In an embedding scenario, there may be application code both outside and inside the OSGI container that performs JNDI calls, and as they execute in the same JVM they will share JNDI implementation.

Question: Should an OSGI JNDI implementation running in an embedded OSGI container allow OSGI-unaware code outside the container to perform its JNDI calls like usual, or is some porting to "OSGI-awareness" required?

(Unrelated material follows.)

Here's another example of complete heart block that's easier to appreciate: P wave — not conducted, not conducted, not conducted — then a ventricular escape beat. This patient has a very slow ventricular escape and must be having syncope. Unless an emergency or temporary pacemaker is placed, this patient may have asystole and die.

Trying this out myself with Apache Karaf 2.3.0 (which uses Apache Aries JNDI 1.0.0) this doesn't seem to work, as Apache Aries requires JNDI client calls to originate from an OSGI bundle.
Partial stacktrace:

javax.naming.NoInitialContextException: The calling code's BundleContext could not be determined.
    at org.apache.aries.jndi.OSGiInitialContextFactoryBuilder.getInitialContext(OSGiInitialContextFactoryBuilder.java:46)
    at javax.naming.spi.NamingManager.getInitialContext(NamingManager.java:684)
    at javax.naming.InitialContext.getDefaultInitCtx(InitialContext.java:307)
    at javax.naming.InitialContext.init(InitialContext.java:242)
    at javax.naming.InitialContext.<init>(InitialContext.java:192)

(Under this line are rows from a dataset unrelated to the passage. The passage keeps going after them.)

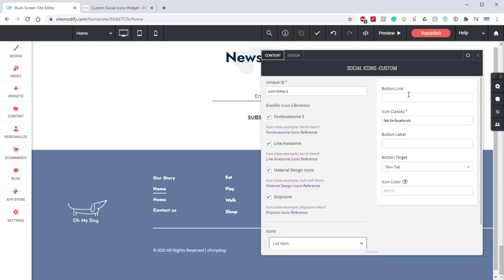We're going to set this to facebook.com and now for the icon class this is where we need to jump to the icon library and grab the class for our icon.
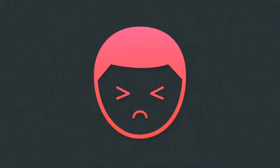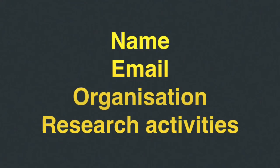Entering data over and over again can be time consuming and often frustrating. Orchid ID records hold non-sensitive information such as name, email, organisation, and research activities.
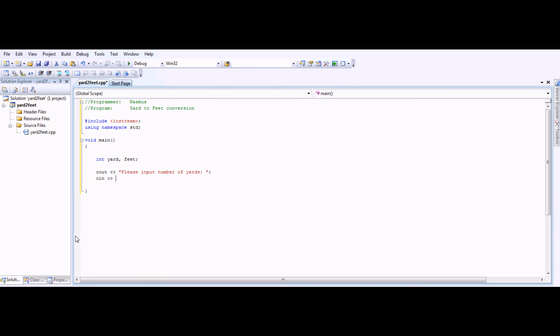CN is the input. This is where they will enter the number of yards. It can be 5, 10, whatever they choose.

Question: Is this correct behaviour, or is there a section of the specification I can refer to that is violated by this limitation?

Horoscopy answered 3/12, 2012 at 12:4 Comment(0)
B
1

I ran into same issue when trying to deploy Apache Karaf on Weblogic. We use karaf through a servlet bridge - a war is deployed in weblogic which bridges all http requests to karaf.

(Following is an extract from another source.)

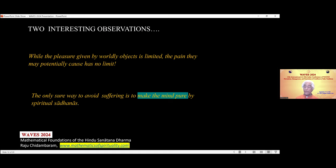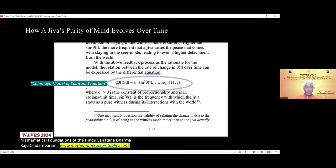Let us see how the purity of mind evolves over time as a result of practicing spiritual sadhana. The Chinmaya model shown here is based on a fact of spirituality often taught by Swami Chinmayananda, and it is a straightforward way to model spiritual evolution mathematically. I will show just one of the many amazing results that this equation produces — namely, it leads to a picture which in one single diagram shows a jiva's entire journey from its birth in samsara to its final release from that samsara. So let's look at that picture.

I am running with the the following applications on weblogic:

  1. app1 (uses JNDI)
  2. app2
  3. karaf-bridge (bridges requests to Karaf)

As soon as karaf starts the Aries JNDI implementation running inside Karaf sets InitialContextFactoryBuilder inside javax.naming.NamingManager to its own implementation. NamingManager holds a static reference to the initial context factory builder, so whichever implementation, irrespective of whether its running in an OSGI environment, sets this static reference becomes the JNDI provider.

In my case when app1 (non-OSGI) tries to do a new InitialContext, Aries JNDI tries to resolve it using the BundleContext and fails.

I fixed this using some very ugly hacks that involved extracting the javax.naming package from jre and installing it as a bundle in karaf.

So the answer to your question: I think the issue is really in the jre and not with OSGI on how JNDI lookup is managed.

Bannockburn answered 27/6, 2013 at 13:23 Comment(0)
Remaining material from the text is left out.